Arsen Arsenović <[email protected]> writes:

> In my examination of BabelStream results on AMD GCN, I've found that,
> for each BabelStream kernel execution, we spend significant time in
> allocating and initializing memory in gomp_map_vars (~55µs, whereas the
> actual BabelStream code executes in ~746µs, meaning we increase the time
> BabelStream measures by 7% just on that).
>
> Upon further examination, I've found that the only reason gomp_map_vars
> decides to allocate and map any memory in the first place is because it
> is constructing the table of pointers to variables on the target, which
> I've taken to calling the "target variable table".  Given that the GCN
> plugin already must perform some memory allocation before starting up a
> kernel, namely to allocate kernel arguments, it would be beneficial if
> we could merge this allocation with the kernel arguments allocation.
>
> In addition, since the kernel arguments live in host memory, populating
> them can be performed using string functions, without any need to call
> for expensive host2dev copies.
>
> This patch introduces an opaque type for "offload sessions".  This type
> is defined by each plugin and allows it to store data related to a
> single offload job.  The sessions are allocated and managed by libgomp,
> and initialized and utilized by the plugin.  Their lifetime starts with
> a call to GOMP_OFFLOAD_session_start, and ends with
> GOMP_OFFLOAD_{openacc_{async_,}exec,{async_,}run}.
>
> The patch then uses this framework to make management of the target
> variable table more flexible: the plugin may elect to implement
> GOMP_OFFLOAD_session_allocate_target_var_table, which allows the plugin
> to attempt to allocate the target variable table in host memory.
>
> If it fails, or if the plugin does not provide this function, libgomp
> will perform this allocation as it does today - in target memory - and
> tell the session about it using
> GOMP_OFFLOAD_session_set_target_var_table.
>
> In the case of AMD GCN, upon a call to
> GOMP_OFFLOAD_session_allocate_target_var_table, the plugin will
> immediately allocate kernel arguments with enough space for the target
> variable table, no matter what size the plugin asks for[1], and return
> that pointer to libgomp.
>
> This results in the runtime of gomp_map_vars effectively disappearing
> from traces.
>
> [1] It may be beneficial to limit this, to some fixed amount, to make it
>     so that the future allocation cache has a higher cache hit rate.  It
>     may also depend on whether hsa_memory_allocate for kernel arguments
>     takes runtime proportional to the number of bytes it needs to
>     allocate.
>
> include/ChangeLog:
>
>       * gomp-constants.h (GOMP_VERSION): Bump.  Signature of
>       GOMP_OFFLOAD_run et al changed.
>
> libgomp/ChangeLog:
>
>       * libgomp-plugin.h (GOMP_OFFLOAD_run, GOMP_OFFLOAD_exec)
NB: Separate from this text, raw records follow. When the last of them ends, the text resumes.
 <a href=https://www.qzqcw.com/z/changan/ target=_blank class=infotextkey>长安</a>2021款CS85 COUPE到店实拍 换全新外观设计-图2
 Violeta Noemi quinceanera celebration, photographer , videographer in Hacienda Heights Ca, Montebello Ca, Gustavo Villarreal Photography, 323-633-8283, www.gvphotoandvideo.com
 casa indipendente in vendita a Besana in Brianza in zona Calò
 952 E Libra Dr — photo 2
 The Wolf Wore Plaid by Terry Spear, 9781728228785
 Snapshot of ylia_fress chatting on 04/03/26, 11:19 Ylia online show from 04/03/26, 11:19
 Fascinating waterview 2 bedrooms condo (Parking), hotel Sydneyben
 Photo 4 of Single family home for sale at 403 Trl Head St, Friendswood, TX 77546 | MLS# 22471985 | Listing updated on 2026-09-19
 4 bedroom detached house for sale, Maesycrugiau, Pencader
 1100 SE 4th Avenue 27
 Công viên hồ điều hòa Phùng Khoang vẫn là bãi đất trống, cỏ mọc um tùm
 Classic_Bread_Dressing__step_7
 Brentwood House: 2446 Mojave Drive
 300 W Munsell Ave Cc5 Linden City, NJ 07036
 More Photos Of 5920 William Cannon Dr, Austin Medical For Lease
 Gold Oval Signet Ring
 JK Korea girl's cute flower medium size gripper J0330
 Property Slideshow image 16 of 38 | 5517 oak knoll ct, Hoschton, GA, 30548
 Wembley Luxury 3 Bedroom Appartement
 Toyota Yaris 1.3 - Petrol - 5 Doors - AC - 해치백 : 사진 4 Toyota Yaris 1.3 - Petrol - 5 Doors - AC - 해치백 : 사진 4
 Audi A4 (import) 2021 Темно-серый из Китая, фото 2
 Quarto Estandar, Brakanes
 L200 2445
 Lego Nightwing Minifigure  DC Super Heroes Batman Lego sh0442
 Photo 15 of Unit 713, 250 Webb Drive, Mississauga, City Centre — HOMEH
>       (GOMP_OFFLOAD_async_run, GOMP_OFFLOAD_openacc_async_exec): Pass
>       session in place of target variable table and devices.
>       (struct gomp_offload_session): New.
>       (GOMP_OFFLOAD_session_size): New
>       (GOMP_OFFLOAD_check_session_struct): New.
>       (GOMP_OFFLOAD_session_boilerplate): New.
>       (GOMP_OFFLOAD_session_start): New.
>       (GOMP_OFFLOAD_session_allocate_target_var_table): New.
>       (GOMP_OFFLOAD_session_set_target_var_table): New.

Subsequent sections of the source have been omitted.